I know that size of a directory itself is a different thing than the sizes of the files in it.

I think of a directory as a list of the directories and files within, hence a directory's size should be related to the number of files/directories within, with a minimum of 4096 bytes because of the block-size constraint.

But in my system, I have many well populated directories with 4096 bytes, and some directories which are considerably less populated that are around 10 megabytes. Can you please explain me why this happens?


Solution 1:

The filesystem used, and the maximum number of entities in that directory at any point in time determines the size. Once the default size reserved for the directory is exhausted, more space is allocated for the directory. However, when the number of entities goes down, the space allocated isn't automatically freed.
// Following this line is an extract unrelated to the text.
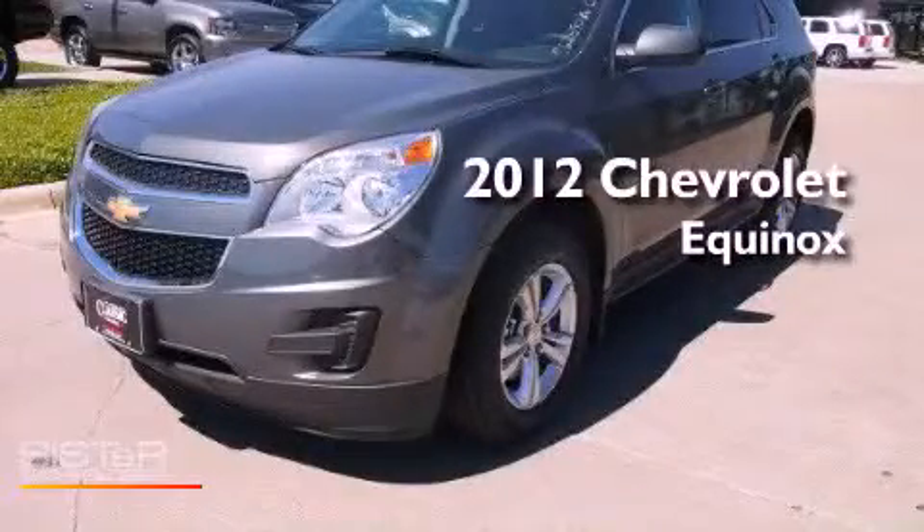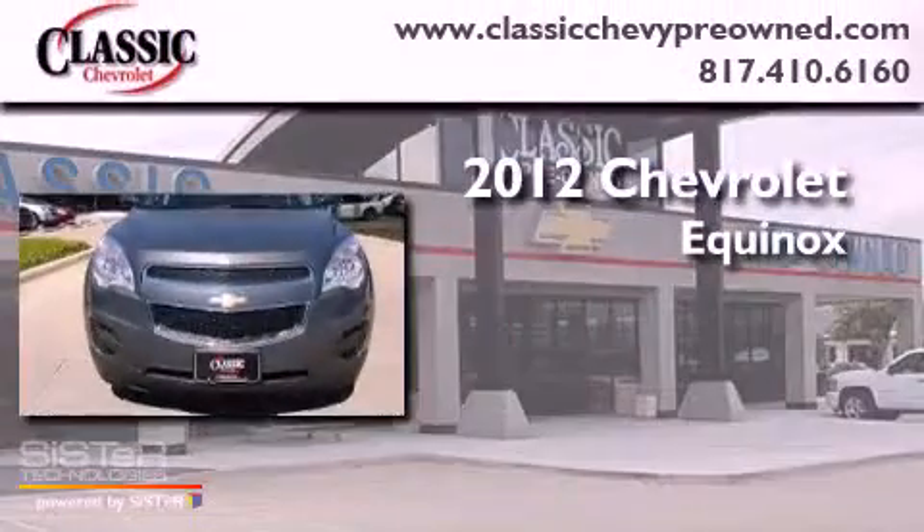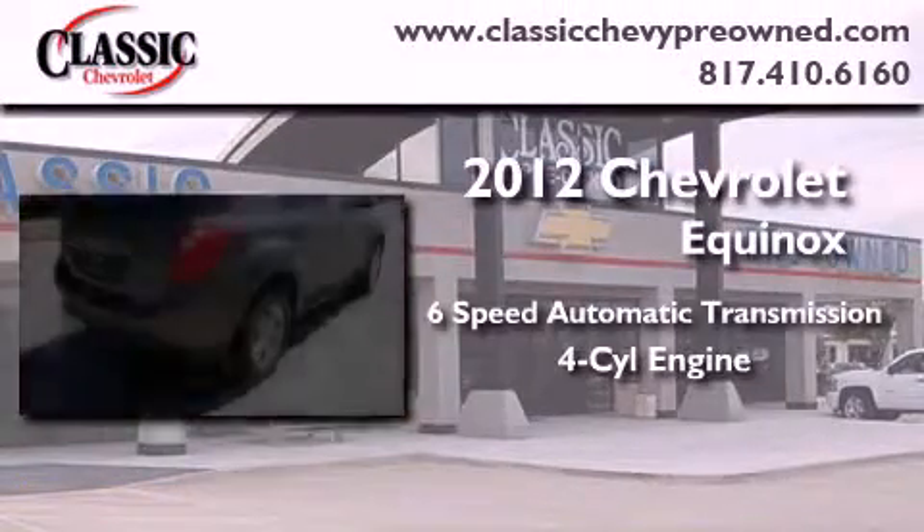This is a brand new 2012 Chevrolet Equinox. This vehicle has seating for five adults and an inline four-cylinder engine.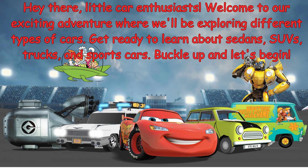Hey there, little car enthusiasts. Welcome to our exciting adventure where we'll be exploring different types of cars. Get ready to learn about sedans, SUVs, trucks, and sports cars. Buckle up and let's begin.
So, if, at one point, a directory has 10 million entities, it would remain the same size if 9,999,999 of them were deleted. This leads to interesting situations like in this Unix & Linux post.

$ mkdir foo; touch foo/{1..100000}; stat -c %s foo
2179072
$ rm foo/*; stat -c %s foo
2179072

This doesn't necessarily hold for other filesystems. The ext{2,3,4} filesystems are affected. NTFS is, to a less extent. tmpfs and btrfs aren't. ZFS is rather conservative, I got an output of 2 for the second stat command.